Design: United Designers (interiors and graphics)

Four years after designing the Nobu restaurant in London’s Metropolitan Hotel, United Designers has completed a second restaurant for chef Nobuyuki Matsuhisa. Ubon by Nobu is situated in the very different environment of Canary Riverside hotel in London Docklands. The designers had to work with a challenging location that was fully glazed on three sides and acoustically harsh. ‘It was very glassy, very architectural and we wanted to soften it,’ says United Designers creative director Linzi Coppick, who wanted to avoid the often expected ‘traditional interior’ of many Japanese restaurants. The key to the solution was a 3.3m-high curtain of hand-threaded, Venetian glass curtain around the windows to soften the glazed walls and give an amber glow to the space when lit at night. Behind the glass are motorised sunblinds to further screen off the space. The beads are used again in delicate spirals hanging down from the inside of the downlighters (supplied by The Light Corporation) to give a soft, domestic feel to the space. Dark timbered banquette seating upholstered in textured brown chenille line the glass facades, interrupted only by the bar along the front facade, topped with a cream-veined Breccia Brown marble and faced in a textured copper-effect fabric.

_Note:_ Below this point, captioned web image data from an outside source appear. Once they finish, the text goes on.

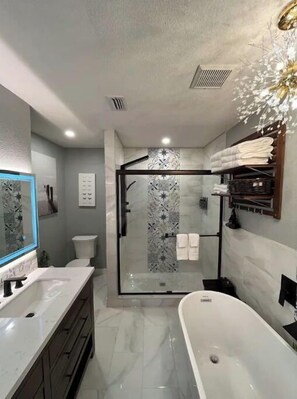 Combined shower/tub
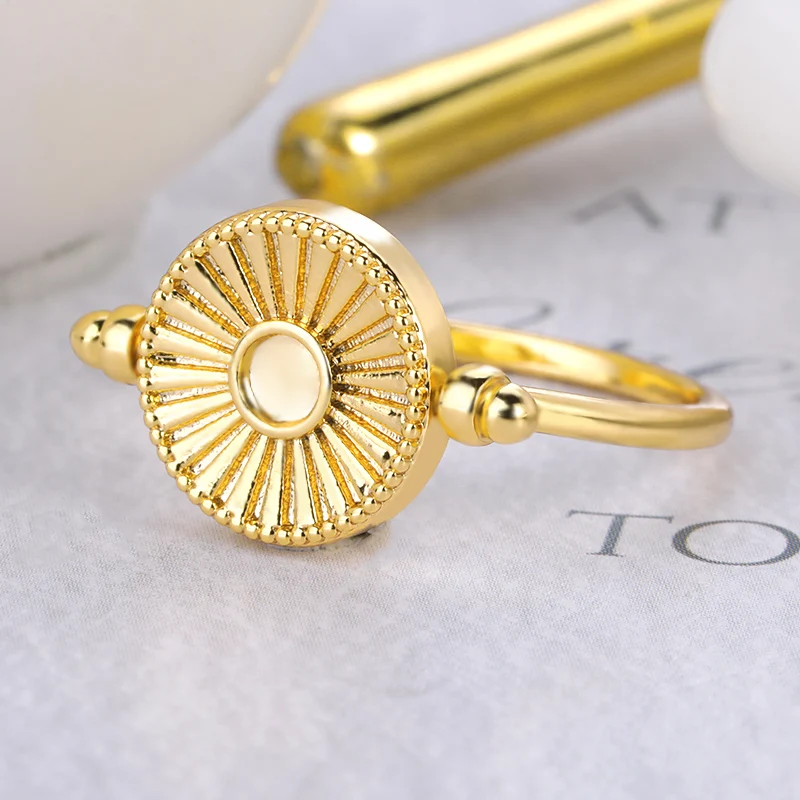 

Retro Flip Disc Ring For Woman Girl Bohemian Party Wedding Golden Silver Geometric Finger Rings Women Jewelry Gift 2021 Trend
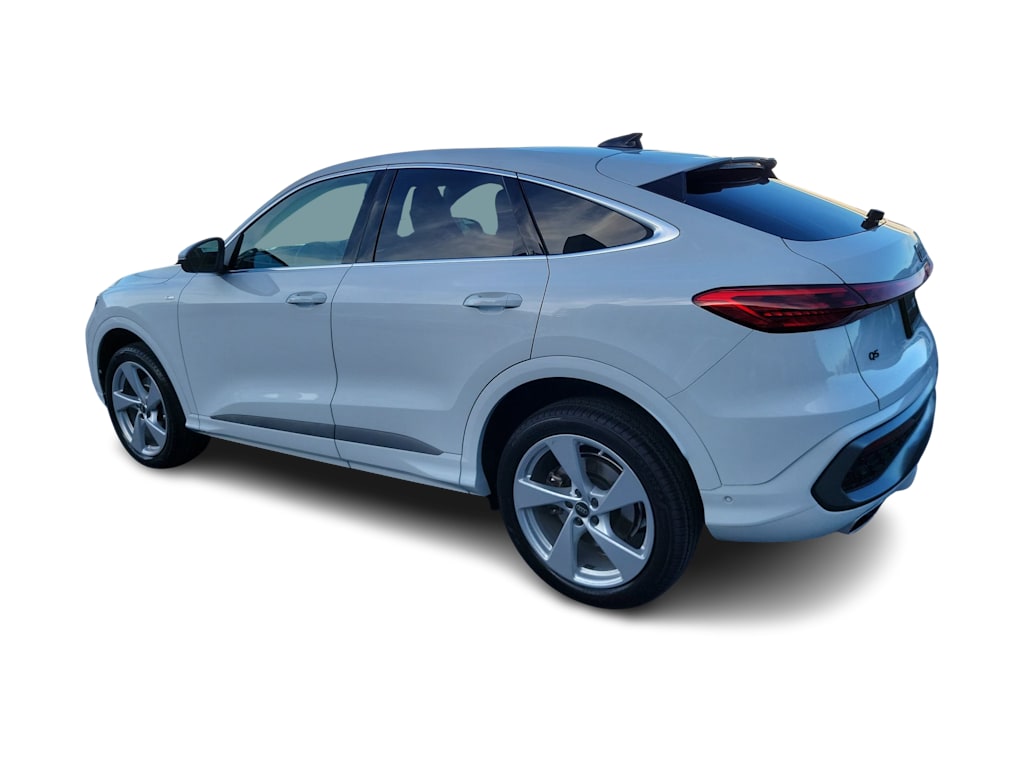 Thumbnail: 2025 Audi Q5 - 4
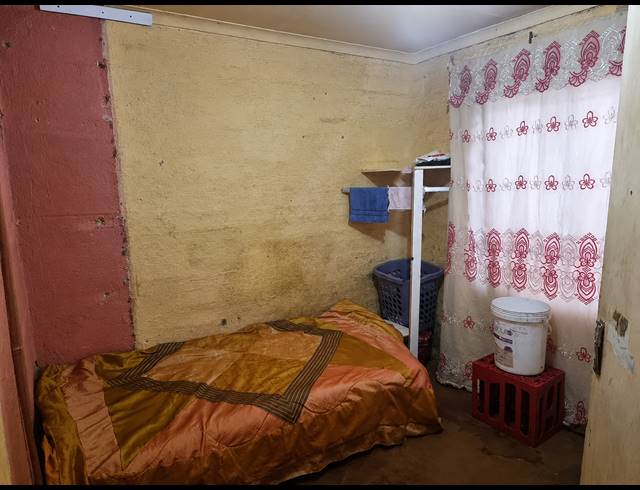 2 BEDROOM HOUSE FOR SALE IN EVATON WEST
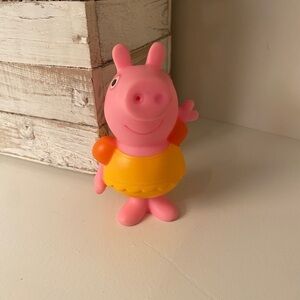 Jazwares Inc ~ Peppa Pig Bath Squirtee. ~ Yellow Dress  2003 Vintage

On the fourth side is the sushi bar, where an angled mirror above the diners allows glimpses of the panoramic riverside view.

In the centre of the 126-cover restaurant, chairs upholstered in burnt orange chenille are arranged around circular tables of maple and walnut, and stand on a dark, walnut timber floor – the autumnal colour tones inspired by something as non-Japanese as the colour range of a glass of Amaretto on ice. ‘It’s very different from Nobu. It’s still simple elegance, but richer and warmer,’ says Coppick. ‘We wanted to create a sophisticated backdrop that shows off the food rather than vie for attention.’ Construction costs, including kitchen equipment, were £1m.